Sie richtete sich auf. Die Wölfe verkündeten heulend das Ende der Welt.
Sonnenschein fiel durch das Fenster und verbarg alles, was unter seiner gleißenden Schräge lag. Sie tastete sich durch das Übermaß an Helligkeit und fand den Träumenden noch schlafend, mit dem Gesicht nach unten. »George! Wachen Sie auf! Oh, George, bitte wachen Sie auf! Etwas stimmt nicht!«
Er wachte auf. Er lächelte ihr beim Aufwachen zu.

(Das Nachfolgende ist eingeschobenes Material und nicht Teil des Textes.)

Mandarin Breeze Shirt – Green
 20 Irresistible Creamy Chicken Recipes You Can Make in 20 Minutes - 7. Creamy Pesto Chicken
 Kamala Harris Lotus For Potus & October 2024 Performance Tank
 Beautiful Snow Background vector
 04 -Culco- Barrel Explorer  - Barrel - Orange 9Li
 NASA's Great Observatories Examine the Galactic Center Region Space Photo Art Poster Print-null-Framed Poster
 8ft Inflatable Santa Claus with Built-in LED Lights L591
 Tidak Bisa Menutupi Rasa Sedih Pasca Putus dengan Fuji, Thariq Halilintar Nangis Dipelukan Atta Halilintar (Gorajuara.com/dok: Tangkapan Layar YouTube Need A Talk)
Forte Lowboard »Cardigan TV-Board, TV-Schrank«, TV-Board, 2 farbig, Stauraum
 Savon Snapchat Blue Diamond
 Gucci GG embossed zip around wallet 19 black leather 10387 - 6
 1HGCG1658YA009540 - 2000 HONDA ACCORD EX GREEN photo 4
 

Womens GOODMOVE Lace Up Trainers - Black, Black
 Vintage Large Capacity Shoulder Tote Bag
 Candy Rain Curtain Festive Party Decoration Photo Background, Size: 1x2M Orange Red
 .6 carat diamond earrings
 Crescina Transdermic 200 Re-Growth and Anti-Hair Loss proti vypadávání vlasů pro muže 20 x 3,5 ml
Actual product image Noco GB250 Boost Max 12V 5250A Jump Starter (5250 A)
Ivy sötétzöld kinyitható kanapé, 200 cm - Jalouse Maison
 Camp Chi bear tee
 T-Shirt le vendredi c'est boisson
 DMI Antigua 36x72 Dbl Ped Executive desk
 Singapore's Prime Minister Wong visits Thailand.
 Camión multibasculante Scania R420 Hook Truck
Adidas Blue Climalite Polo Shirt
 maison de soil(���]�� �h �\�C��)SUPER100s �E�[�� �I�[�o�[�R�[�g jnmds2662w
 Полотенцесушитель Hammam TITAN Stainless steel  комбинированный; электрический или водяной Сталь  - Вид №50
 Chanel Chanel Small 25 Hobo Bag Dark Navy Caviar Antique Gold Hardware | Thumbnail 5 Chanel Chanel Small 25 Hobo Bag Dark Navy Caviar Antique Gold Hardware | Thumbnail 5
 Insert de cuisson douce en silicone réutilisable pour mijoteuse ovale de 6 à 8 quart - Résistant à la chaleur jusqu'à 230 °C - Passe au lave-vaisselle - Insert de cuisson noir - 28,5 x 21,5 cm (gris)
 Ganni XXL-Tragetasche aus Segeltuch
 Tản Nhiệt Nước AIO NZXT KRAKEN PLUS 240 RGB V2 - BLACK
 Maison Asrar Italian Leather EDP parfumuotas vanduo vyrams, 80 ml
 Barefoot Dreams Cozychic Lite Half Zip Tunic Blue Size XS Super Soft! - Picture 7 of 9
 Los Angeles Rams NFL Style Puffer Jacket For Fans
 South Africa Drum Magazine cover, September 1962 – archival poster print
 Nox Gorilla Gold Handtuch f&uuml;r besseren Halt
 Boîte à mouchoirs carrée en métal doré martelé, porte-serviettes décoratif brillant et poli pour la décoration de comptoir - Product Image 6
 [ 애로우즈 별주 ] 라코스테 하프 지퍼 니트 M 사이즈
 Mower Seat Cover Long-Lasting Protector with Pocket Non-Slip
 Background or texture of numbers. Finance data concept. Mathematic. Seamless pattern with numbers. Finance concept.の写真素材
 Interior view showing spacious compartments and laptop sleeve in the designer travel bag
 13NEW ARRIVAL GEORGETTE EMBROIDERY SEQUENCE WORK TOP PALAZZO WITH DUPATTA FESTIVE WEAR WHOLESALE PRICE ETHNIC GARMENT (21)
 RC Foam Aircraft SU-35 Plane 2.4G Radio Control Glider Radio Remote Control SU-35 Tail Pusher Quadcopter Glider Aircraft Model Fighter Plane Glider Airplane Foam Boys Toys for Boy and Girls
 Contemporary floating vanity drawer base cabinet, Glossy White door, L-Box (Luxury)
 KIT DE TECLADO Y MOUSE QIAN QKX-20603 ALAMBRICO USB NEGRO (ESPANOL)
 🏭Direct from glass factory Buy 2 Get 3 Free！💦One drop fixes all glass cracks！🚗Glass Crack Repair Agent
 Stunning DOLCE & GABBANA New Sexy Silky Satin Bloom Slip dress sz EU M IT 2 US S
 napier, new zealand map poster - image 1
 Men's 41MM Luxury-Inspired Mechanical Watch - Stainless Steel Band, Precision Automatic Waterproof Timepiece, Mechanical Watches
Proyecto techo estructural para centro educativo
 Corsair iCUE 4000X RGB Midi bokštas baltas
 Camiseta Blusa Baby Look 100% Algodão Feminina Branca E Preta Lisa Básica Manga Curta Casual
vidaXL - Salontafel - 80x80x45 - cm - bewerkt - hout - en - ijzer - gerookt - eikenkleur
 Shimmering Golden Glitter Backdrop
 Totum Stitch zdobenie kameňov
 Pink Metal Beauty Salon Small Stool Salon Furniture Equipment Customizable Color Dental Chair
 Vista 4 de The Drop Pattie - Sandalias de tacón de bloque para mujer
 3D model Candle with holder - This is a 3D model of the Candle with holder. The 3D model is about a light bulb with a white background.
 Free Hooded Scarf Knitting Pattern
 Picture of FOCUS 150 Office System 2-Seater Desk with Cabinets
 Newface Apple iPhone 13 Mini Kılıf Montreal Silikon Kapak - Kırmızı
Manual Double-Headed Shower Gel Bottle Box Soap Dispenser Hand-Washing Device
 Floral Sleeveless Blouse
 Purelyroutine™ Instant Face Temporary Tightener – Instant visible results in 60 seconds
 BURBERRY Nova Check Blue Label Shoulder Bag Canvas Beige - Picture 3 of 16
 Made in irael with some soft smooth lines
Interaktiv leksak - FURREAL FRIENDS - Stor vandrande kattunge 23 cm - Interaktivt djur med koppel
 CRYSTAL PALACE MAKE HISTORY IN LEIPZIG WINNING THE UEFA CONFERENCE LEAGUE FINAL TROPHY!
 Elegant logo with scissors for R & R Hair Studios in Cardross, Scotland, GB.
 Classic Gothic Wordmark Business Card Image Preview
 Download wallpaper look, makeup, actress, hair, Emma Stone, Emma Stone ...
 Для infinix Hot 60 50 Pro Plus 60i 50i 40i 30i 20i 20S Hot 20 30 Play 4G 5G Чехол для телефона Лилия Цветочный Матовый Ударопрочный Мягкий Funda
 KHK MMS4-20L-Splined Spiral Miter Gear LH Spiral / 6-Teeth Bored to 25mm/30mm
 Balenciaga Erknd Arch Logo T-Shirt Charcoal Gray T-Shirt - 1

»Etwas stimmt nicht — die Sirenen — was ist nur los?« Er verweilte immer noch halb in seinem Traum und sagte emotionslos: »Sie sind gelandet.«
Denn er hatte genau das getan, was sie ihm befohlen hatte. Sie hatte ihm befohlen, zu träumen, daß die Außerirdischen nicht mehr auf dem Mond waren.
8
Himmel und Erde sind nicht menschenfreundlich.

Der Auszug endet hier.